Bahriye Üçok, laik, demokratik sosyal bir hukuk devletinden yanaydı. İlahiyatçı ve aynı zamanda siyasetçiydi. Yukarıda da ifade ettiğimiz gibi onun için hem Atatürk hem de Peygamber çok değerli isimlerdi. Dinine yürekten inanıyor, inancını devrimci olarak nitelendiriyordu. Bütün bunlara rağmen din adına, kendilerine Müslüman diyenlerce katledildi Üçok. 

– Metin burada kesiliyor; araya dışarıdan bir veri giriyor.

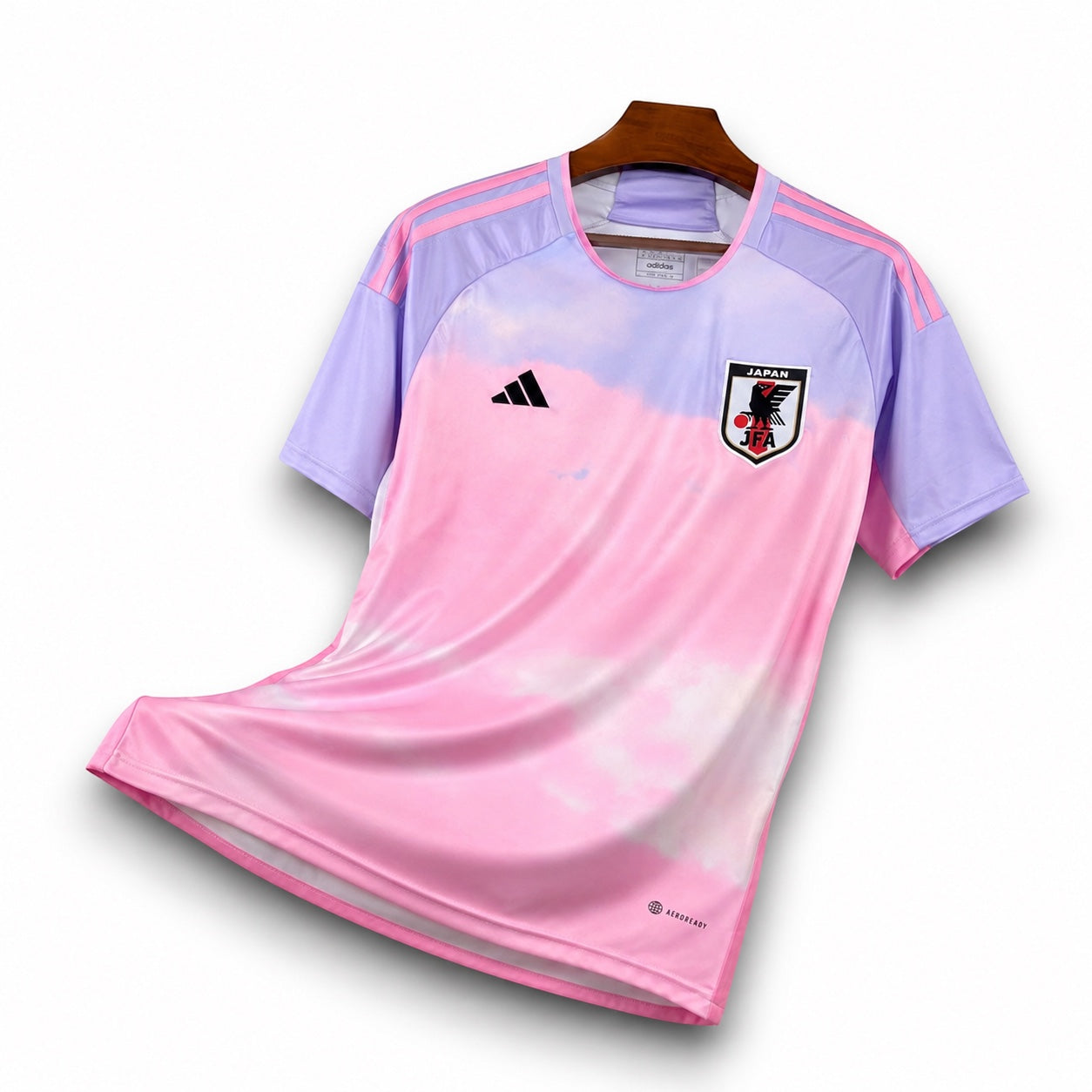 Leazofoot Japan 25/26 special edition soccer jersey in pink and lavender cloud print with Adidas branding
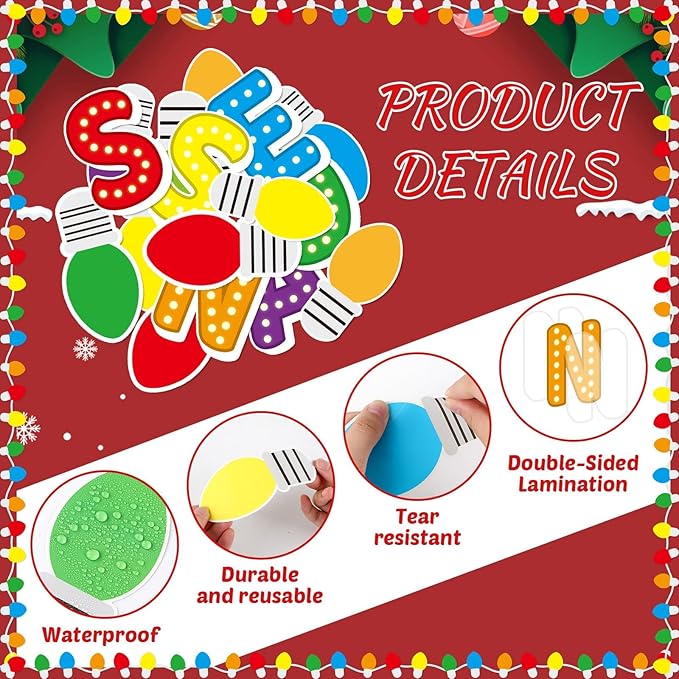 Christmas Bulletin Board Decorations Light Up The Season Classroom Paper Cutouts Christmas Light Bulb Inspirational Decor for Holiday Sunday School Classroom Chalkboard Wall Decor Teacher Supplies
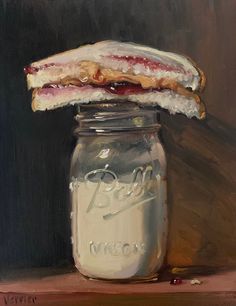 a painting of a jar filled with food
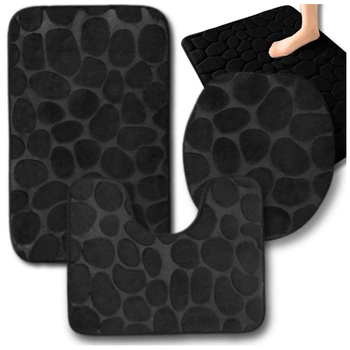 Set 3 covorașe de baie, covoraș anti-alunecare, negru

Bahriye Üçok’un kızı Kumru Üçok, kargodan kitap düzenekli paketi eve getirdiğinden annesine “bombanı getirdim, masaya bıraktım” der. Çünkü aylardır tehdit altındadır anne-kız. Akabinde menfur olay yaşanır, her yer kanla dolar, yerde, bedeninden kopan parçalar vardır.

İnsanlar yüreklerini, ruhlarını, aidiyetlerini kolay kolay bir yerde bırakmaz, kolay kolay keskin ayrılıklar yaşanmaz. Fakat yaşanıyorsa geçmişe dönüp bir bakmak lazım. İşte Üçok’un yerde yatan bedeni, bedeninden kopan o parçalar bu acı gereceği de haykırır bizlere.